• **Exercise data**:
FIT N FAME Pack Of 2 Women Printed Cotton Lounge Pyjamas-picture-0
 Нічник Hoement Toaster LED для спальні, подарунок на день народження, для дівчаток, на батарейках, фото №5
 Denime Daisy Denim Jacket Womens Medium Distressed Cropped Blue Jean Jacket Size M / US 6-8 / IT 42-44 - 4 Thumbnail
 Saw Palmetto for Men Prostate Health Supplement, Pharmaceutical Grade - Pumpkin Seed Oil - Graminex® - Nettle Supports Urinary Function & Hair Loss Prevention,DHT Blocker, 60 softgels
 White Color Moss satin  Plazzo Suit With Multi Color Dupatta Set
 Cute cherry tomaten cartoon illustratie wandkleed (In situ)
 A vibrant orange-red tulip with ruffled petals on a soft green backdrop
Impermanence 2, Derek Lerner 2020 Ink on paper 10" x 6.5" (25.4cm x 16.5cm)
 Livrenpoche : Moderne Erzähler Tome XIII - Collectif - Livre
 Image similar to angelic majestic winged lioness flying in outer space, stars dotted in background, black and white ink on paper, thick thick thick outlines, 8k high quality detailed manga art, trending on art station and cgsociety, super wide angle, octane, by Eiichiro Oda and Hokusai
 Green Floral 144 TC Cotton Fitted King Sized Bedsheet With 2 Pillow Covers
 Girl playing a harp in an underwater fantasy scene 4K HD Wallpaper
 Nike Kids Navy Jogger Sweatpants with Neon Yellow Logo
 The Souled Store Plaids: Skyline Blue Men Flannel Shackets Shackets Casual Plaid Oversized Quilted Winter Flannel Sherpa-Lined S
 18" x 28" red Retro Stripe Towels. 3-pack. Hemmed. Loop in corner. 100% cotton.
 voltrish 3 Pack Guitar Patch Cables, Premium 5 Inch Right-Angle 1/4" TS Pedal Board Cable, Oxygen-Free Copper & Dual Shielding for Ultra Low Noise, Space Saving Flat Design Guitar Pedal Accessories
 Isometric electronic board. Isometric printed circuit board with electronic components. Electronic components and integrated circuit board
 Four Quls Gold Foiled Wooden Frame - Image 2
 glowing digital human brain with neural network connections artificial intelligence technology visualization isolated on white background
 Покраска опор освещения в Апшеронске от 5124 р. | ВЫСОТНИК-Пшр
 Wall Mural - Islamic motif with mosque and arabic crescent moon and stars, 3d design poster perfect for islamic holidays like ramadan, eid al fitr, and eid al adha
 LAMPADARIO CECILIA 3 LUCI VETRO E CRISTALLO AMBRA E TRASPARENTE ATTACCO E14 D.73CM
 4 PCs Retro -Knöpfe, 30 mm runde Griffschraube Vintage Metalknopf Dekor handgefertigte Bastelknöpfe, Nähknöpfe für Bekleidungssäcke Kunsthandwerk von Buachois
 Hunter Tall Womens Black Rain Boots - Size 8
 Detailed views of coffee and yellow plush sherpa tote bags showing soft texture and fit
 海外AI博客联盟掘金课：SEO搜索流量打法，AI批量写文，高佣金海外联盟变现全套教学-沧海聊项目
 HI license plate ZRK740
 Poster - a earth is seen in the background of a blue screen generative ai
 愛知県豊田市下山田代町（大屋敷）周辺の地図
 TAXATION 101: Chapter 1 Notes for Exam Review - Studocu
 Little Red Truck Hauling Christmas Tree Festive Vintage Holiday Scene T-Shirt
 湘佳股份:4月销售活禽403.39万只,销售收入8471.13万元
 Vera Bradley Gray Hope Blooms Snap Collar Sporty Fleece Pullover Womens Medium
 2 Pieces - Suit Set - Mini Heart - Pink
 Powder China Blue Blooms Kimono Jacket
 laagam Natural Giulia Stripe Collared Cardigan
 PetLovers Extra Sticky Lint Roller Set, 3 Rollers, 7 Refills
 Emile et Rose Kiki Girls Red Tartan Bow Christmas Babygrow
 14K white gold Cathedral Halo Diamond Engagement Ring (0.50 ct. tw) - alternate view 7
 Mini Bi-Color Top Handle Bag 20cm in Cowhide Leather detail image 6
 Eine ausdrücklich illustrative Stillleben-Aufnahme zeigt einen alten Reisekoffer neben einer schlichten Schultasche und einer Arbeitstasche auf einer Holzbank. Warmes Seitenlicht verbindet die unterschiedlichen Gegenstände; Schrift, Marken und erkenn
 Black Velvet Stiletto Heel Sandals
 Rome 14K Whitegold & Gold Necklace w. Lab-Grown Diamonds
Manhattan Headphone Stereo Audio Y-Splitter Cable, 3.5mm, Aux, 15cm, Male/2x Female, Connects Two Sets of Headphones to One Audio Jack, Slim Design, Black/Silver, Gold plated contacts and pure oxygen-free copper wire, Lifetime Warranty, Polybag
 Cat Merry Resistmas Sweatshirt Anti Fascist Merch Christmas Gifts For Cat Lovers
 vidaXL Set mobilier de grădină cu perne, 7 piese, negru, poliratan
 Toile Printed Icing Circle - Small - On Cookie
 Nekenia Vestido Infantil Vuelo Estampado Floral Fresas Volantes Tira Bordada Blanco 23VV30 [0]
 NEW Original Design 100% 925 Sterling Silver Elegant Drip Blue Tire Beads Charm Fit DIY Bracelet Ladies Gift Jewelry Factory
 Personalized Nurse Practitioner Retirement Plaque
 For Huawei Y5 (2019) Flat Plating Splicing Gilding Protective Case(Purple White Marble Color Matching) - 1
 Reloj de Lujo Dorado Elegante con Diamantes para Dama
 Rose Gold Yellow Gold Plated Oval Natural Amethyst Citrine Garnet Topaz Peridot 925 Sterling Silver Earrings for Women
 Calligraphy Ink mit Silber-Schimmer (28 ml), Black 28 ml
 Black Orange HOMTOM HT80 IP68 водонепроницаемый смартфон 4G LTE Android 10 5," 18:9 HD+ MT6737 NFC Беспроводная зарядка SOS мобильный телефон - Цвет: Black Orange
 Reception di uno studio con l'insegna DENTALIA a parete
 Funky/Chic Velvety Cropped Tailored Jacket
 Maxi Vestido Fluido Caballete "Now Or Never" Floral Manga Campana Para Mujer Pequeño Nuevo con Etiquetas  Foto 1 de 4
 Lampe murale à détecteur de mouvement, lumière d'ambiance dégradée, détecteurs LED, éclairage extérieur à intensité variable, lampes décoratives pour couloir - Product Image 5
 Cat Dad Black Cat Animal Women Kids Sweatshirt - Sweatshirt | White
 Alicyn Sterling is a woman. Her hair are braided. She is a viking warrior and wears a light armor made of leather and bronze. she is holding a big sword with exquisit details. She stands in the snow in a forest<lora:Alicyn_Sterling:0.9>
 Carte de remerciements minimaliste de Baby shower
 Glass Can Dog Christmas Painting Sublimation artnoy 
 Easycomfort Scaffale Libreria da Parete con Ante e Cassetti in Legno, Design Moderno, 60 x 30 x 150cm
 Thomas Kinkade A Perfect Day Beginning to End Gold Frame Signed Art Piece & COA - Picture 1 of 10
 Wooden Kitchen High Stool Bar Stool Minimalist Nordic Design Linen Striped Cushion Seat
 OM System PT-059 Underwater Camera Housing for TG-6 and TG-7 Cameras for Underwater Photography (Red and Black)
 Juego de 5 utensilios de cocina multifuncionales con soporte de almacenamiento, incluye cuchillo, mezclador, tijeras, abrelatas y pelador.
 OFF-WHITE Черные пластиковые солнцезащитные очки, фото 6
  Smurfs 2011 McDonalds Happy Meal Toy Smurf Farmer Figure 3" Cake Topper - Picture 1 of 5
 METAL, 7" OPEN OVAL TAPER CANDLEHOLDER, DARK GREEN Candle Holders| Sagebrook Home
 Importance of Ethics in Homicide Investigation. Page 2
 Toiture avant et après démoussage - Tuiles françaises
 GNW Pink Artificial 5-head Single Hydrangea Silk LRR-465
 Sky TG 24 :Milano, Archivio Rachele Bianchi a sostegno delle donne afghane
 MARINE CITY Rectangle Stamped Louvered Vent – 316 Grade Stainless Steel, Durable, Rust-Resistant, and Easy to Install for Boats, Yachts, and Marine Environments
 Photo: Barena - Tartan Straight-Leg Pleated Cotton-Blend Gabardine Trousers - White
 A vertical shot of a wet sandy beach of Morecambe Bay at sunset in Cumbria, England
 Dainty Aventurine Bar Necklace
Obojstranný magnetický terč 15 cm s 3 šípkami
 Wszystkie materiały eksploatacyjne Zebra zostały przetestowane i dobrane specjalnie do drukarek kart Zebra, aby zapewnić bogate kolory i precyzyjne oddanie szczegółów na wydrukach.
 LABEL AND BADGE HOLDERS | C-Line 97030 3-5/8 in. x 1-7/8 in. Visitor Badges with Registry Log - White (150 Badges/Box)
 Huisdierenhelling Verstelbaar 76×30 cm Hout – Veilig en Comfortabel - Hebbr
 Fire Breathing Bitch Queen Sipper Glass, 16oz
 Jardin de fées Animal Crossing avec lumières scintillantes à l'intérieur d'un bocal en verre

• **The problem**: Every line above that includes the word "Blooms" must appear in the answer.

• **Output of the task**:
 Vera Bradley Gray Hope Blooms Snap Collar Sporty Fleece Pullover Womens Medium
 Powder China Blue Blooms Kimono Jacket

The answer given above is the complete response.